PROBLEM REQUIREMENTS
Retype the entries exactly, but skip the pictures.
═══ MATERIAL PROVIDED ═══
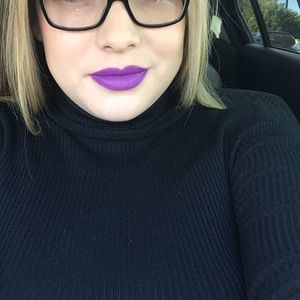 Meet your Posher, Maira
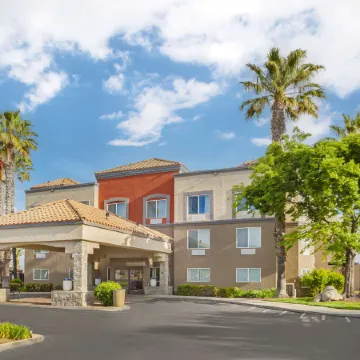 Best Western Plus Villa Del Lago Inn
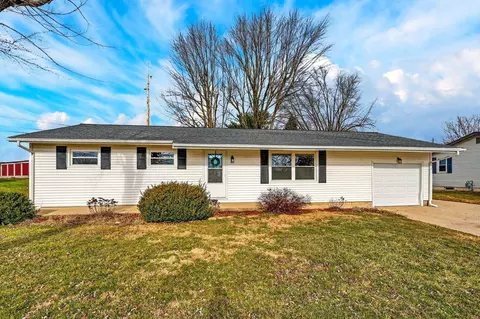 200 Meadow Dr, Circleville, OH 43113 photo 2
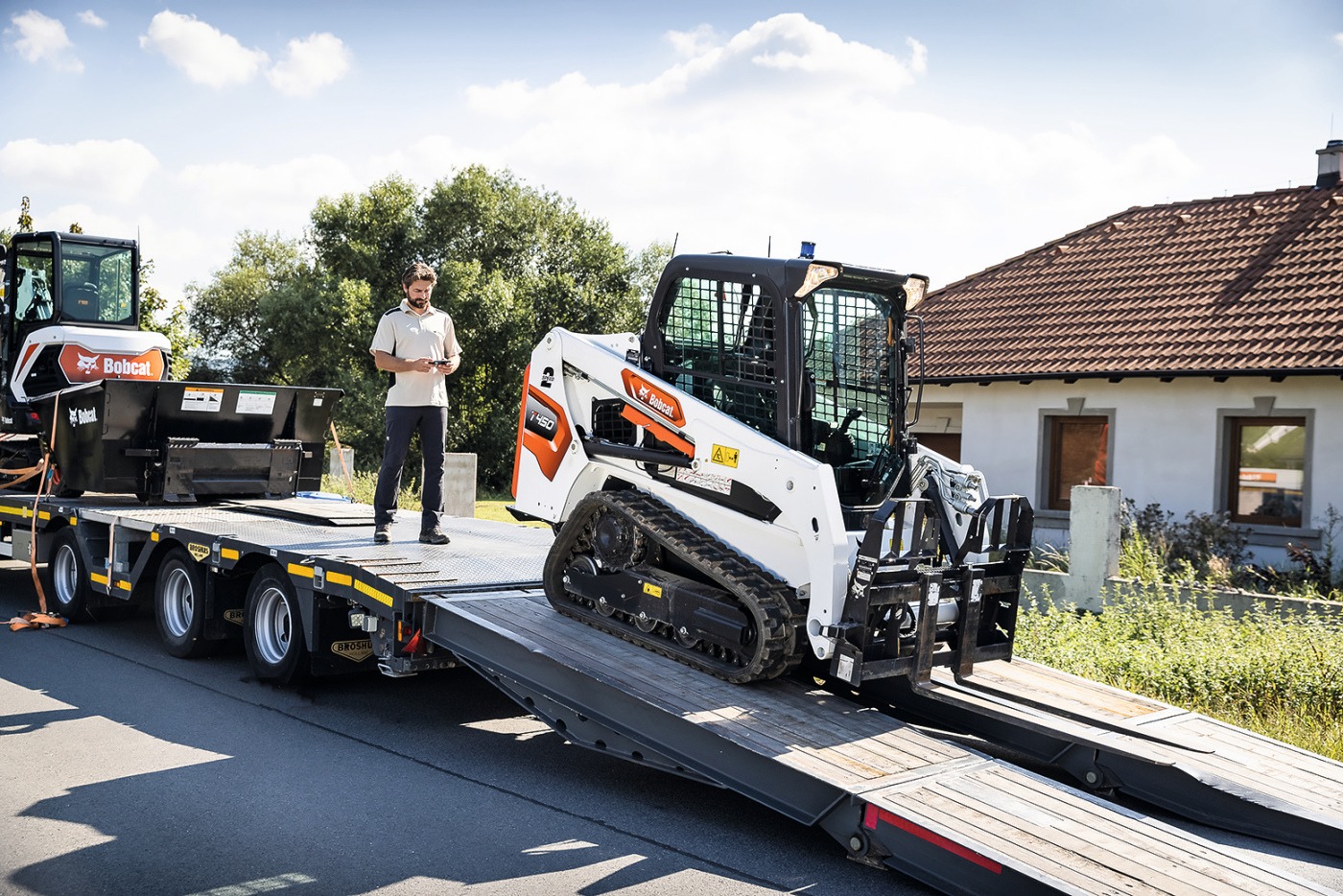 Ein Mann steuert einen Kompaktlader mit der Bobcat Max Control Fernsteuerung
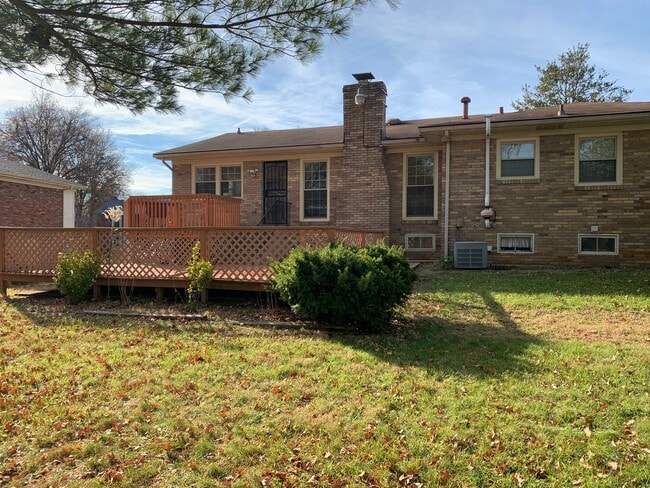 Building Photo - Spacious Three Bedroom/Three Bath Ranch in...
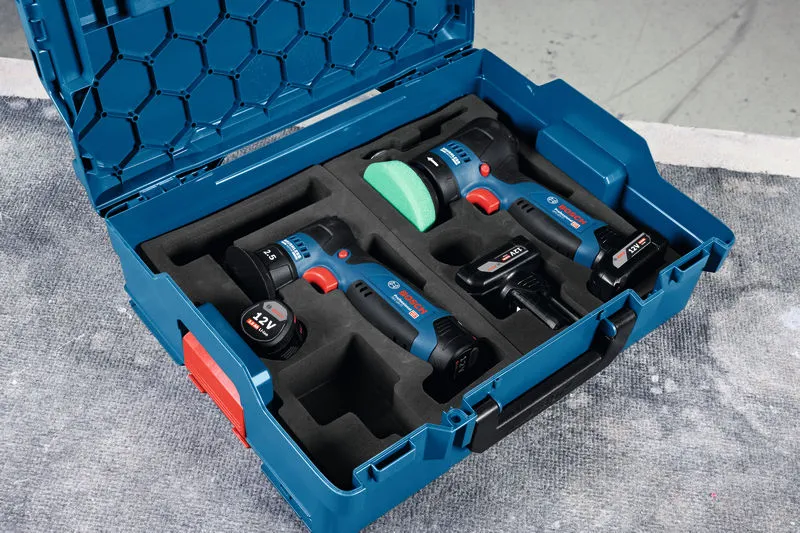 Kit pulidor inalámbrico con paquetes de baterías y cargador organizados en un estuche de transporte azul.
═══
SOLVED EXERCISE
 Meet your Posher, Maira
 Best Western Plus Villa Del Lago Inn
 200 Meadow Dr, Circleville, OH 43113 photo 2
 Ein Mann steuert einen Kompaktlader mit der Bobcat Max Control Fernsteuerung
 Building Photo - Spacious Three Bedroom/Three Bath Ranch in...
 Kit pulidor inalámbrico con paquetes de baterías y cargador organizados en un estuche de transporte azul.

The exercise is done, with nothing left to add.